### [WHAT THE TASK REQUIRES]
The range runs from the line containing "GlowFrame Digital Photo" through the last line of the material below; retype it exactly, leaving out the pictures.

### [RECORDS SUPPLIED]
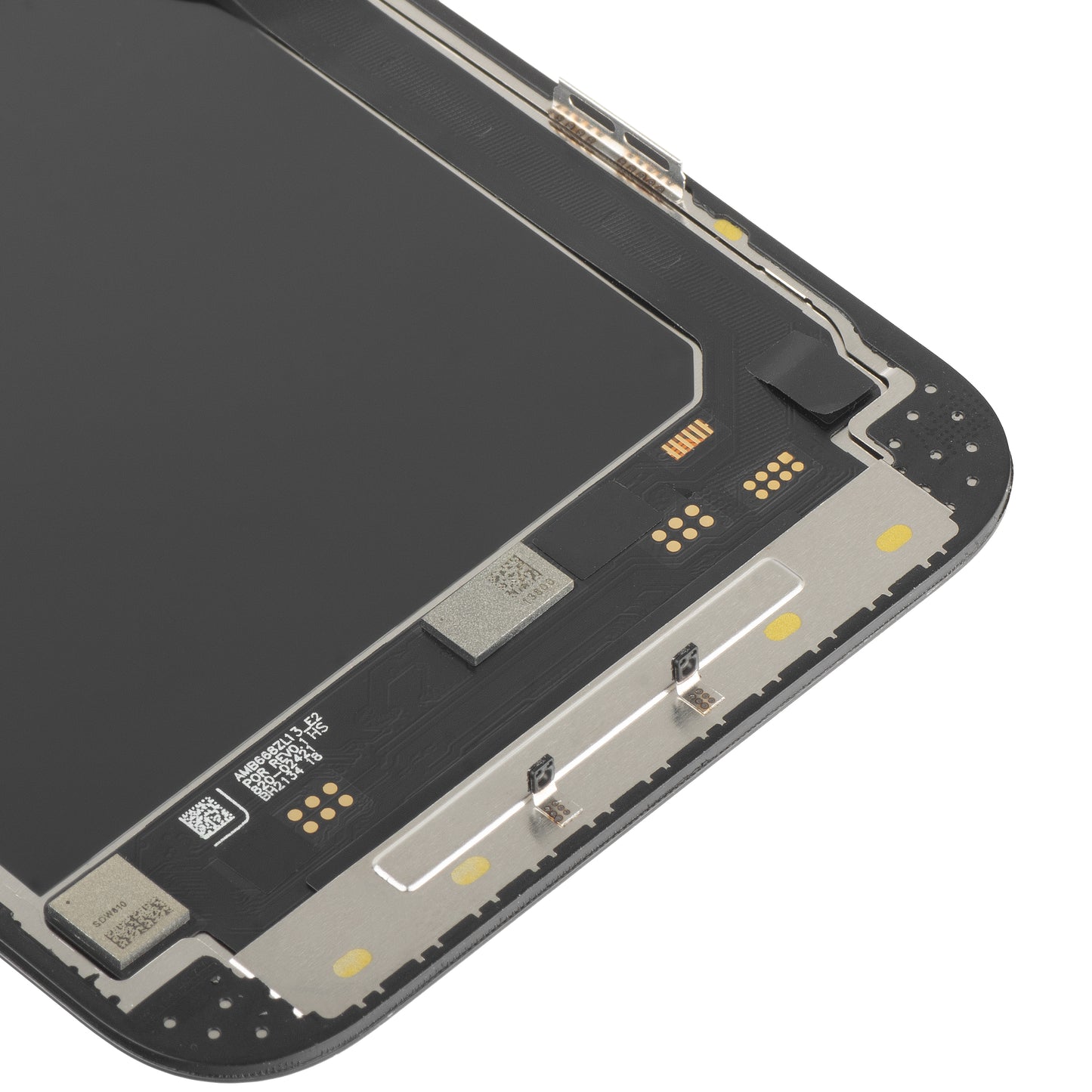 Écran tactile MP compatible avec Apple iPhone 13 Pro Max, avec cadre, Version Soft OLED IC Movable 120Hz FHD, Noir
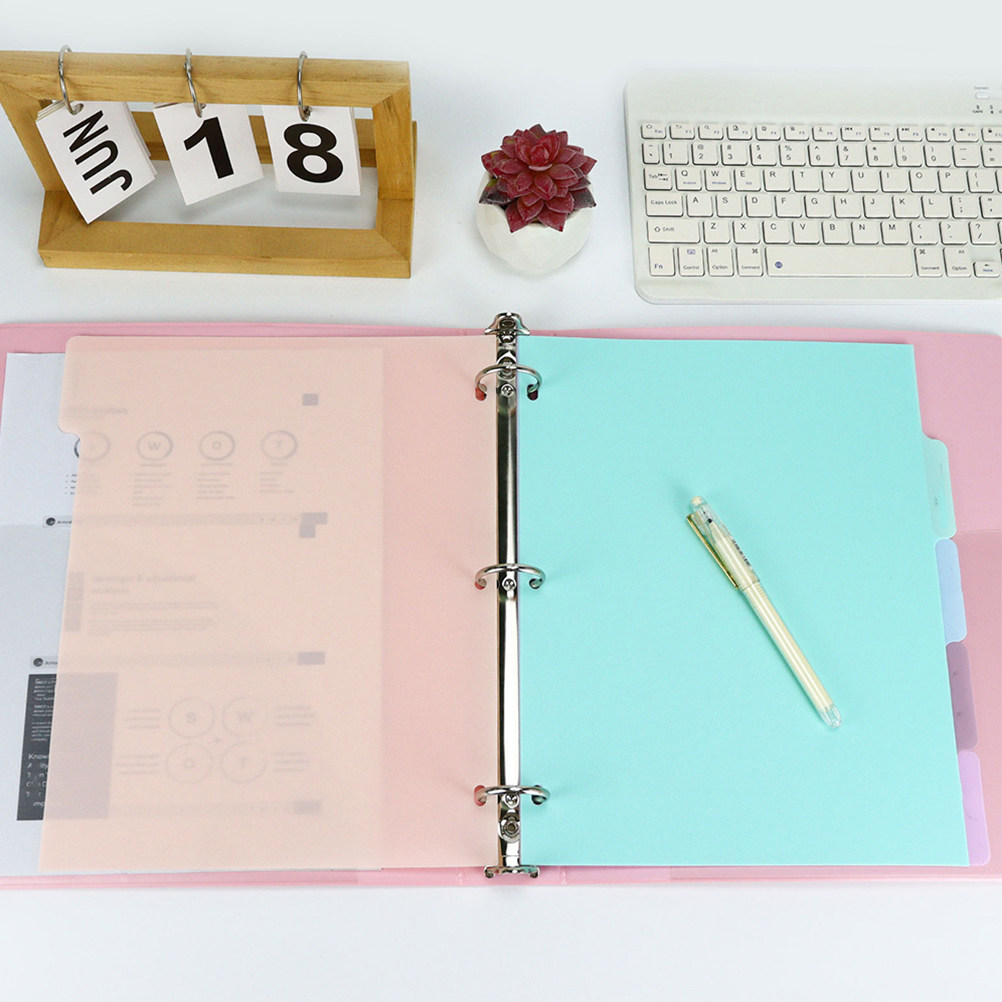 1Set Binder Dividers A4 Size F - Tab Divider A4 recensie en prijs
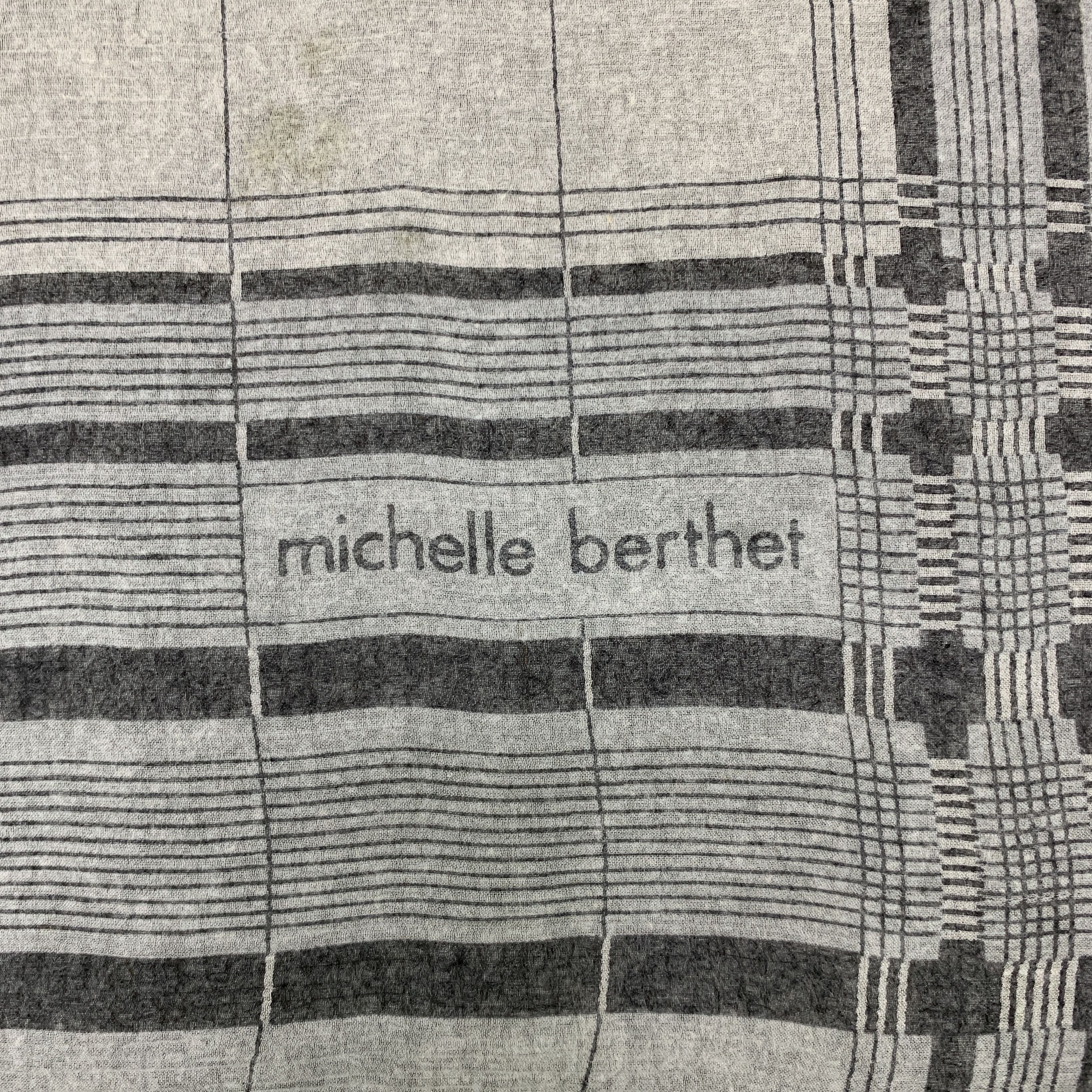 Designer × Vintage Vintage Michelle Berthet Scarf Neckwear - SCA2142 Size ONE SIZE - 8 Thumbnail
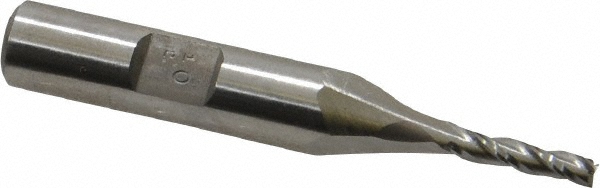 Made in USA KK-202 Tapered End Mill: 0.5 &deg; per Side, 1/8" Small Dia, 1/2" LOC, 3 Flutes, High Speed Steel, Square End Image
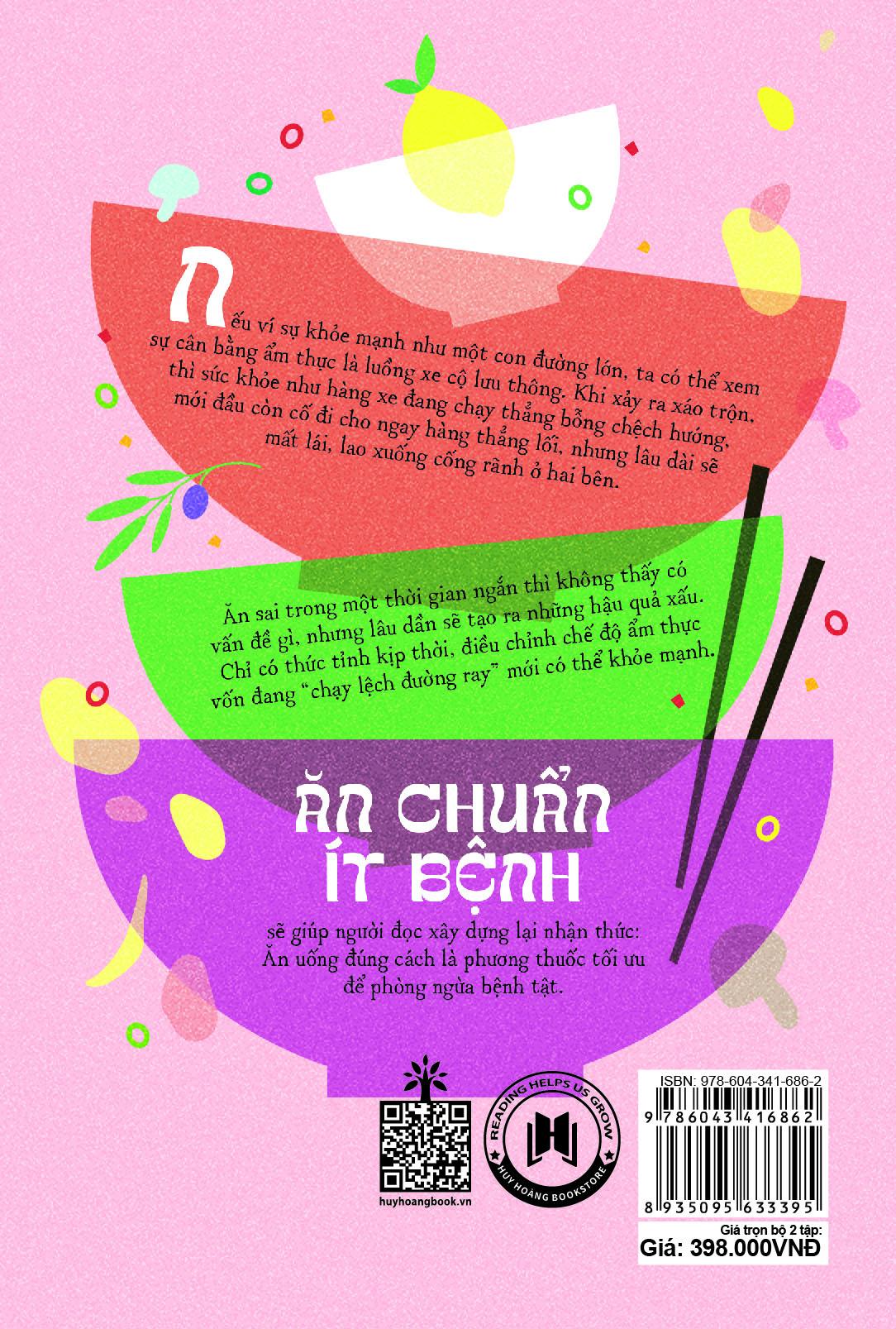 Bộ Sách Ăn Chuẩn Ít Bệnh (Bộ 2 Cuốn)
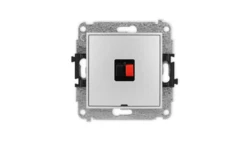 ICON Mechanizm gniazda głośnikowego pojedynczego, bez pola opisowego srebrny metalik 7IGGBO-1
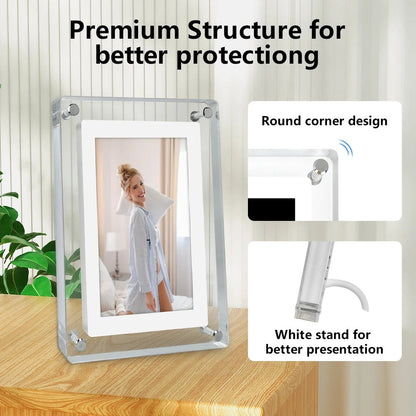 GlowFrame Digital Photo Frame – Display Photos, Videos & Audio Memories in HD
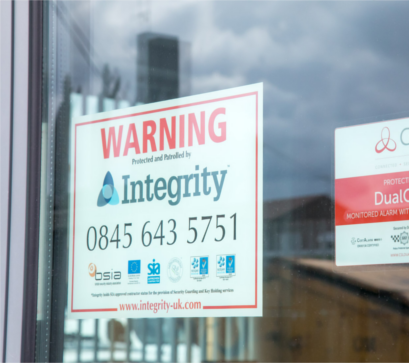 vacant property inspection warning signage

### [COMPLETED TASK]
 GlowFrame Digital Photo Frame – Display Photos, Videos & Audio Memories in HD
 vacant property inspection warning signage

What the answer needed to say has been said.